[Data extracted from a collection]
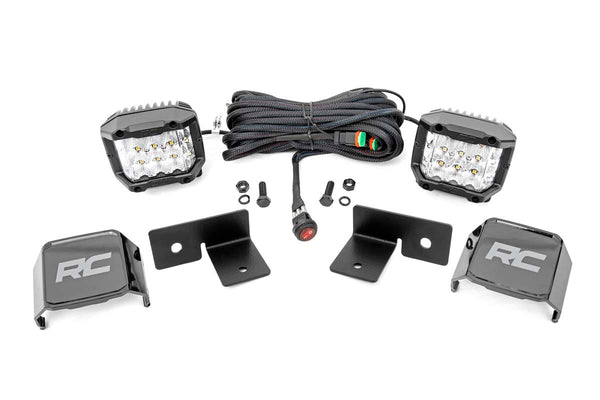Rough Country - LED Light Kit - Under Bed Mount - 2 In. Chrome Pair - Wide Angle - Polaris General XP 4 1000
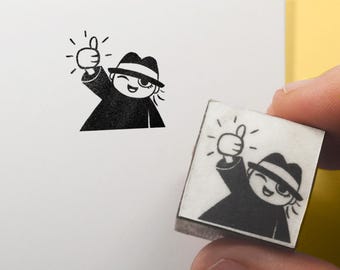 Mini E Thumb's Up Mounted Rubber 3/4" Handmade Stamp - For Crafts, Scrapbooking, Journaling, Planner, & Traveler's Notebook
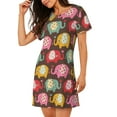 thumbnail image 2 of Kdxio Cute Elephants Pattern Womens Short Sleeve Sleepshirt Scoopneck Cute Nightdress Ruffle Comfy Nightgown, 2 of 6
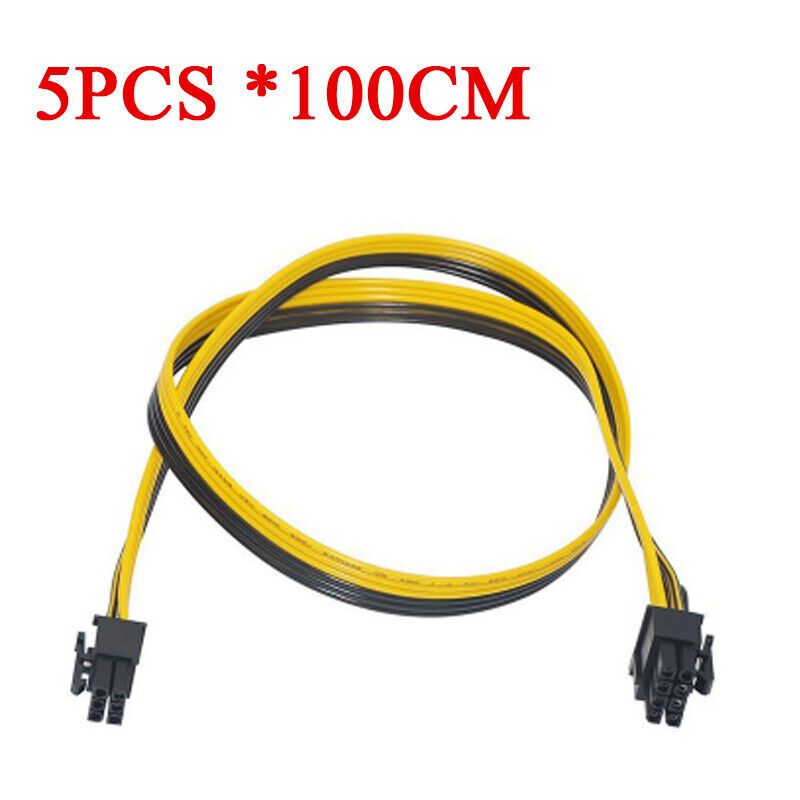 5Pcs 1 Meter 6 Pin to 8Pin (6+2) PCI-E PCIE Cable 18AWG Mining GPU Power Cords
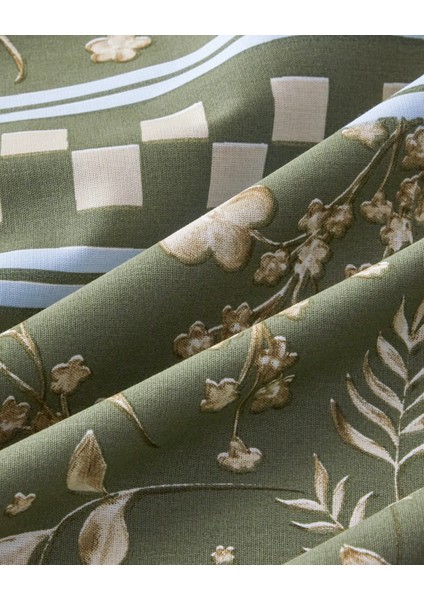 Florish Pamuk Tek Kişilik Nevresim Takımı 160X220 cm Yeşil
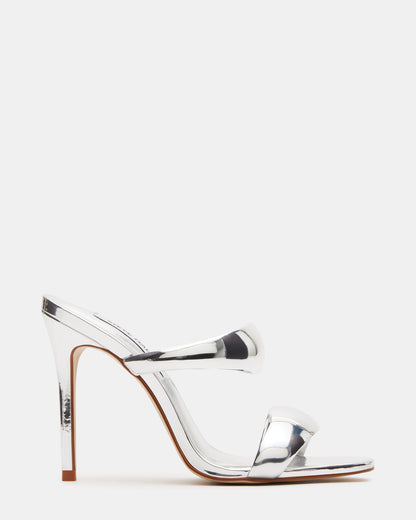 SATURN Silver Stiletto Mule Women's Heel - Steve Madden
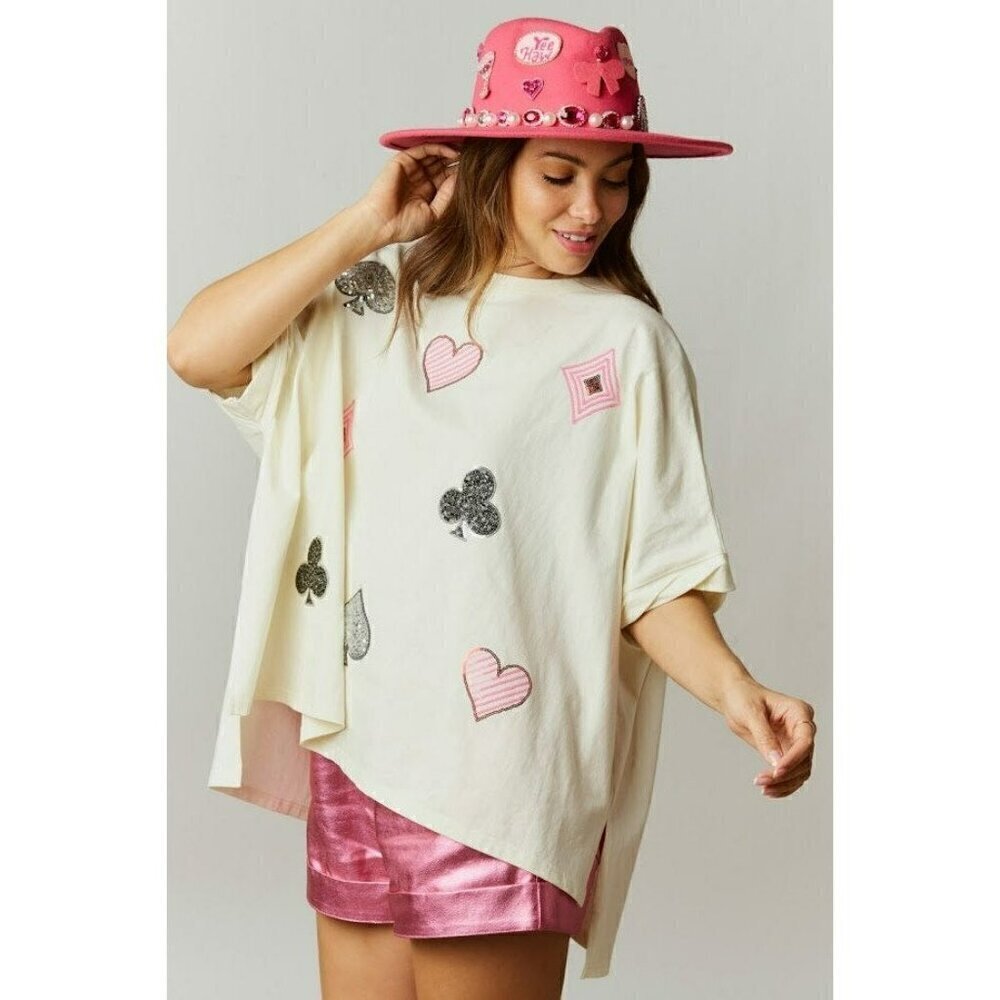 Poker Face Oversized Sequin Top in Cream - Picture 3 of 8
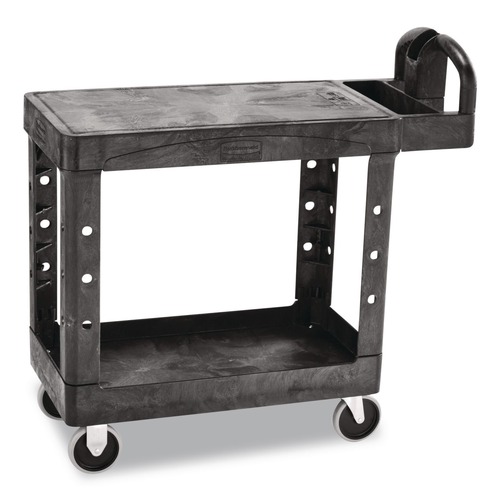 Cleaning Carts | Rubbermaid Commercial FG450500BLA 19.19 in. x 37.88 in. x 33.33 in. 500 lb. Capacity Plastic Flat Shelf Utility Cart - Black image number 0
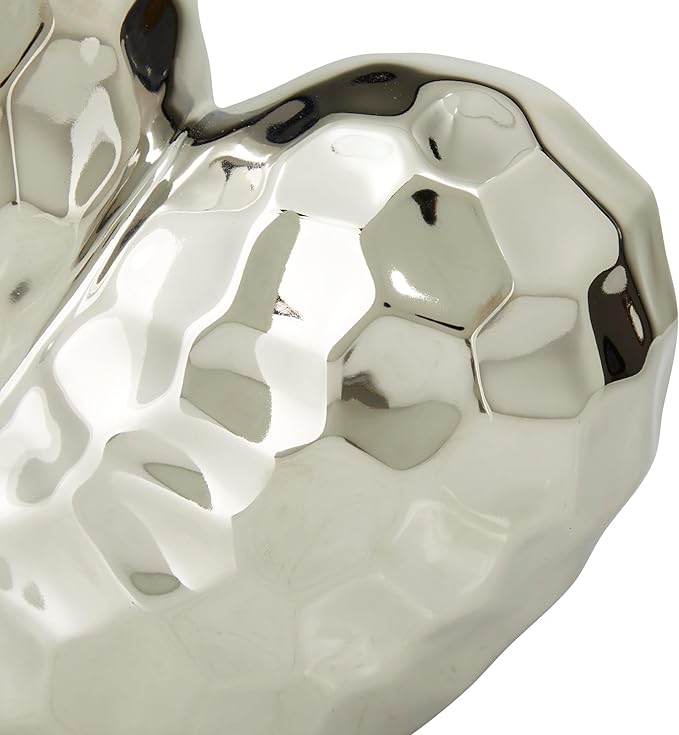 Deco 79 Porcelain Ceramic Heart Decorative Sculpture Dimensional Angled Origami Inspired Home Decor Statue, Accent Figurine 8" x 3" x 8", Silver-Ruum Studio Home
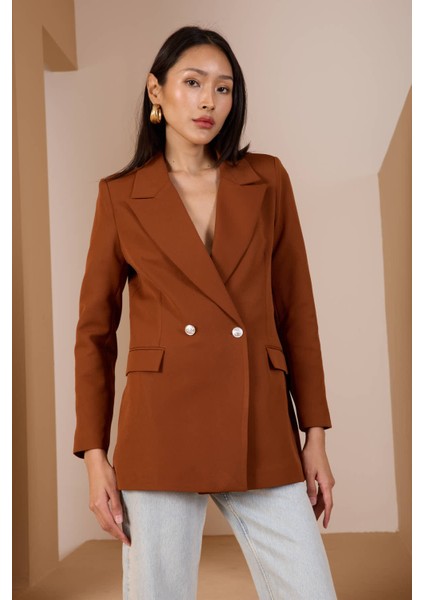 Acı Kahve Oversize Dokuma Blazer Ceket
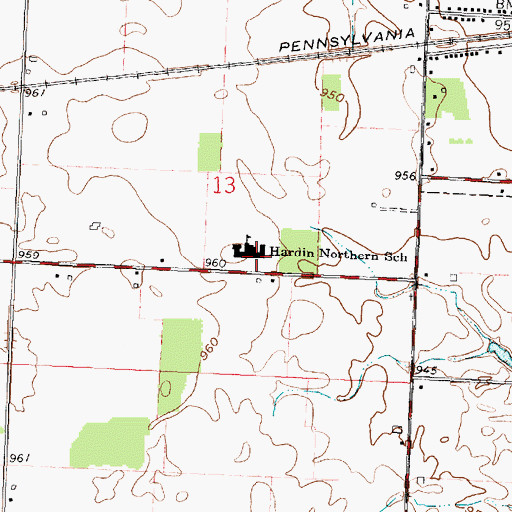 Topographic Map of Hardin Northern School, OH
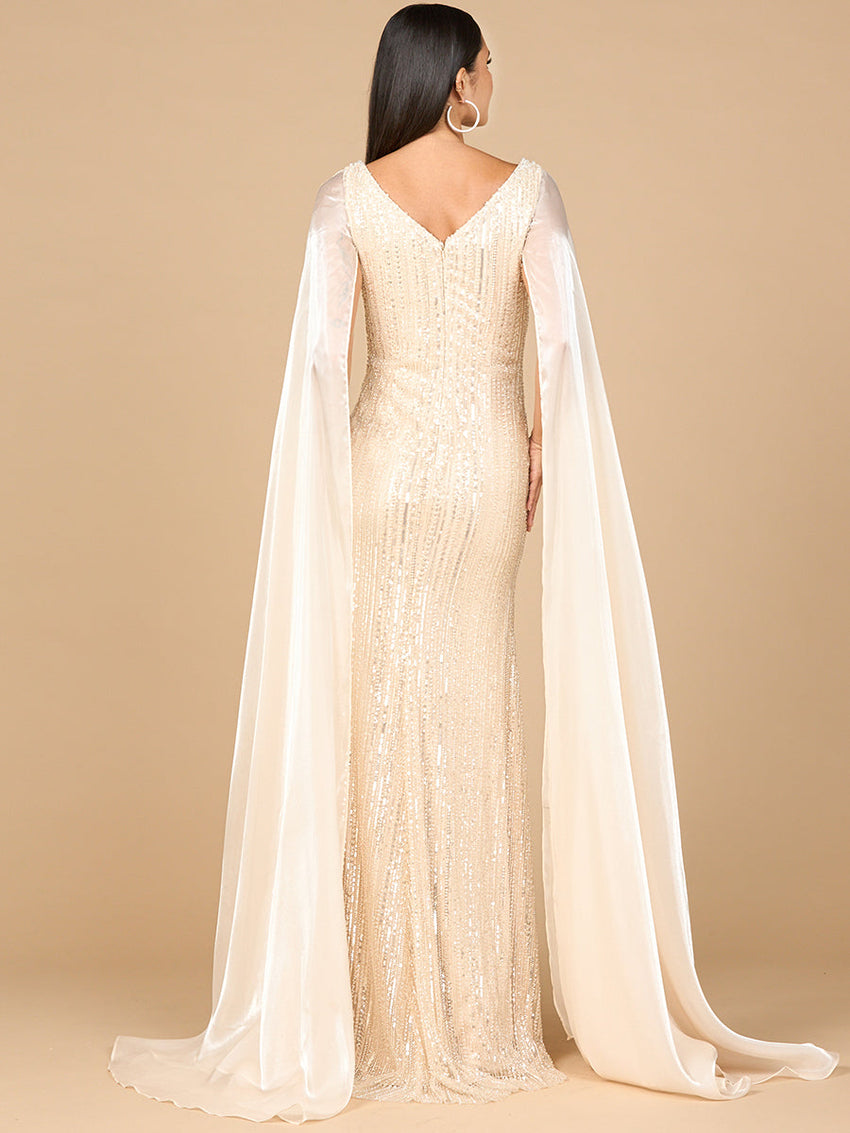 Beaded Gown with Satin Cape Sleeves - Glamourous Grace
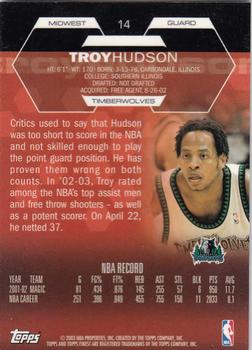 2002-03 Finest #14 Troy Hudson Back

§ **About this task**
Leave out the pictures and return, exactly as written, only the lines from the line with "thumbnail image 2" through the end of the records above.

§ **Solved problem**
 thumbnail image 2 of Kdxio Cute Elephants Pattern Womens Short Sleeve Sleepshirt Scoopneck Cute Nightdress Ruffle Comfy Nightgown, 2 of 6
 5Pcs 1 Meter 6 Pin to 8Pin (6+2) PCI-E PCIE Cable 18AWG Mining GPU Power Cords
 Florish Pamuk Tek Kişilik Nevresim Takımı 160X220 cm Yeşil
 SATURN Silver Stiletto Mule Women's Heel - Steve Madden
 Poker Face Oversized Sequin Top in Cream - Picture 3 of 8
 Cleaning Carts | Rubbermaid Commercial FG450500BLA 19.19 in. x 37.88 in. x 33.33 in. 500 lb. Capacity Plastic Flat Shelf Utility Cart - Black image number 0
 Deco 79 Porcelain Ceramic Heart Decorative Sculpture Dimensional Angled Origami Inspired Home Decor Statue, Accent Figurine 8" x 3" x 8", Silver-Ruum Studio Home
 Acı Kahve Oversize Dokuma Blazer Ceket
 Topographic Map of Hardin Northern School, OH
 Beaded Gown with Satin Cape Sleeves - Glamourous Grace
 2002-03 Finest #14 Troy Hudson Back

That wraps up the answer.